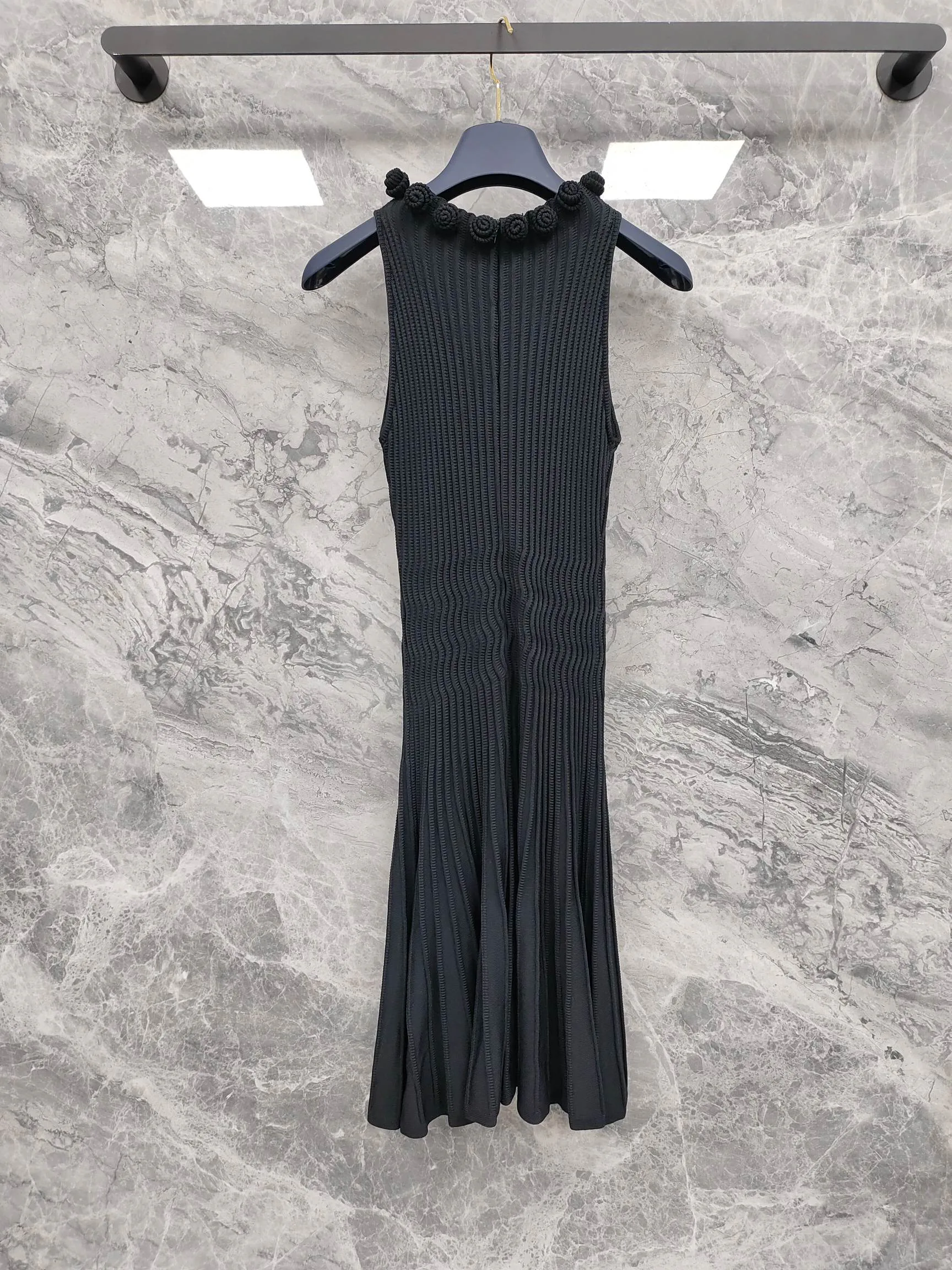 Платья Женские Balmain 11705373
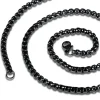 HITS : Bolt Chain 3 mm x 550 mm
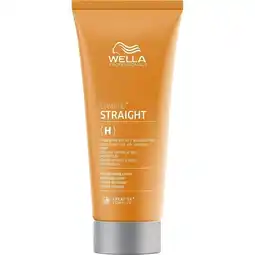Douglas Wella Professionals Creatine+ aanbieding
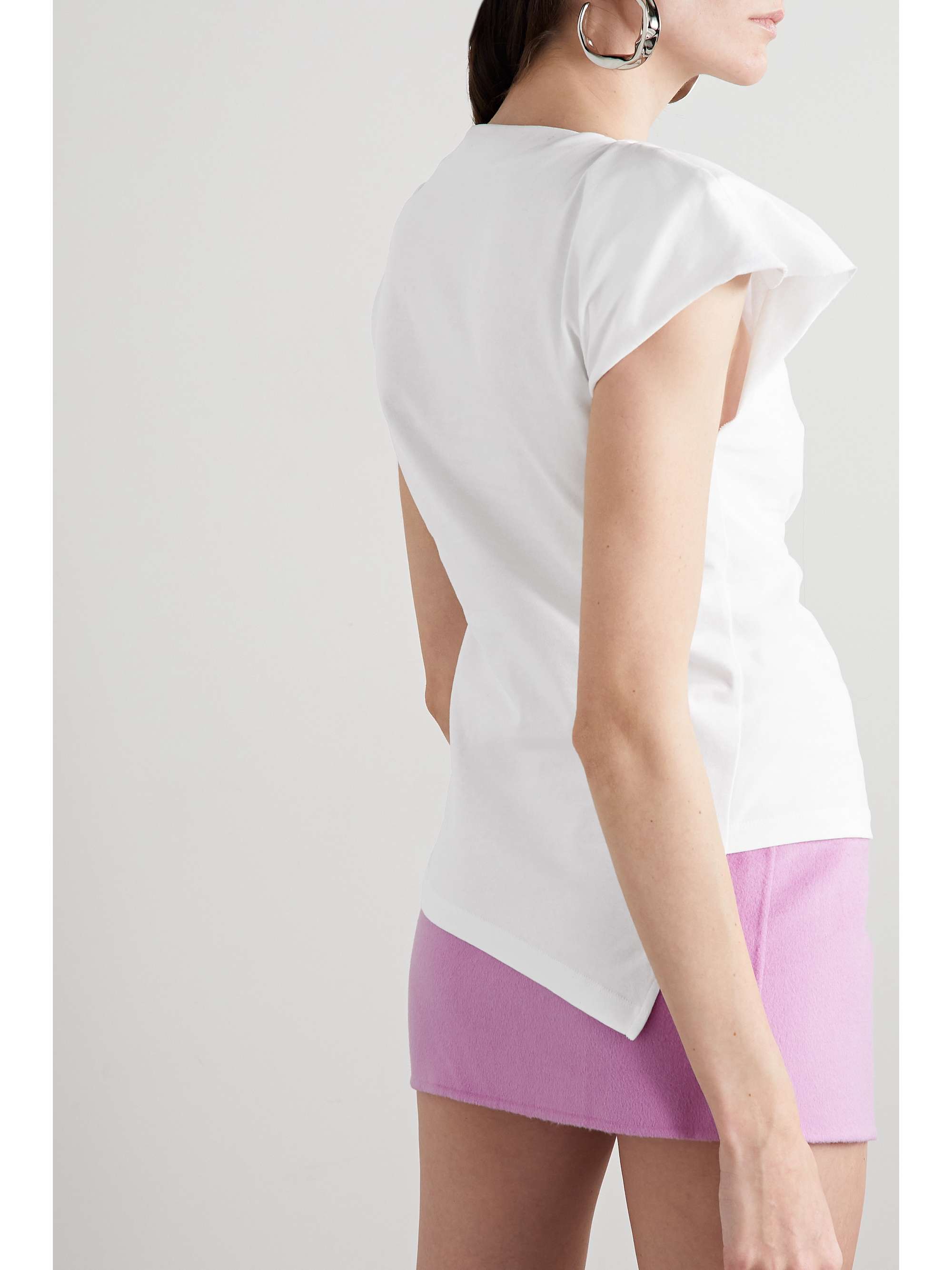 ISABEL MARANT 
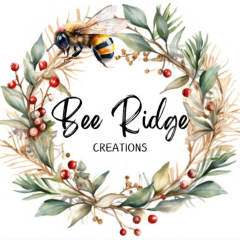 Bee Ridge Creations
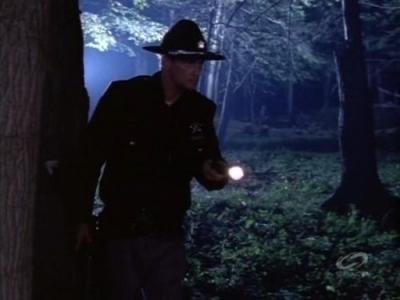 Psi Factor: Chronicles of the Paranormal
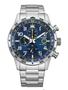Imagem de Relógio Citizen Ecodrive Core Collection Ca0790-59L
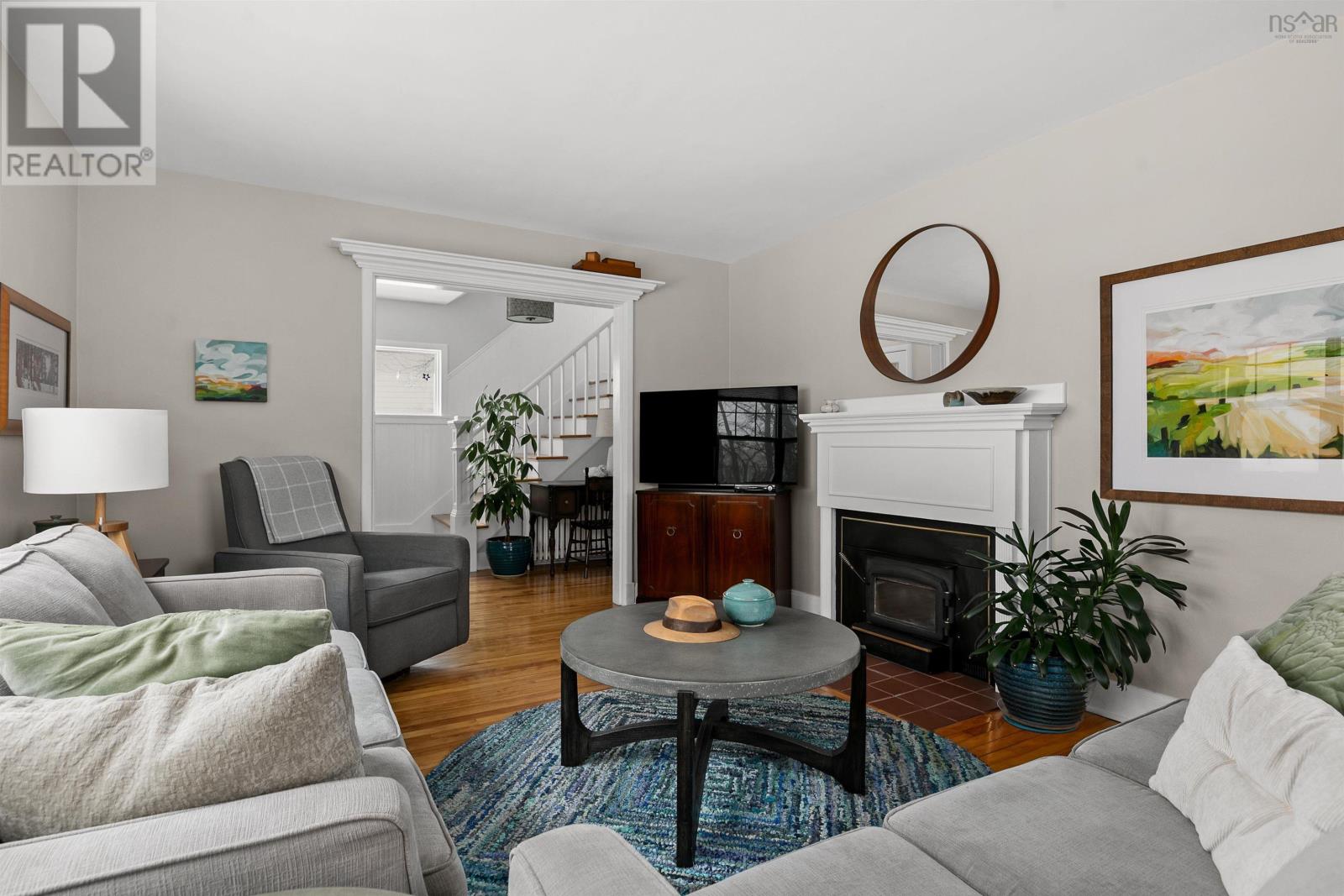 30 Melwood Avenue, Halifax, Nova Scotia  B3N 1E3 - Photo 11 - 202603348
----
What you have to do:
The copy should hold every entry above word for word and none of the pictures.

Reply to the task:
 Платья Женские Balmain 11705373
 HITS : Bolt Chain 3 mm x 550 mm
Douglas Wella Professionals Creatine+ aanbieding
 ISABEL MARANT 
 Bee Ridge Creations
 Psi Factor: Chronicles of the Paranormal
Imagem de Relógio Citizen Ecodrive Core Collection Ca0790-59L
 30 Melwood Avenue, Halifax, Nova Scotia  B3N 1E3 - Photo 11 - 202603348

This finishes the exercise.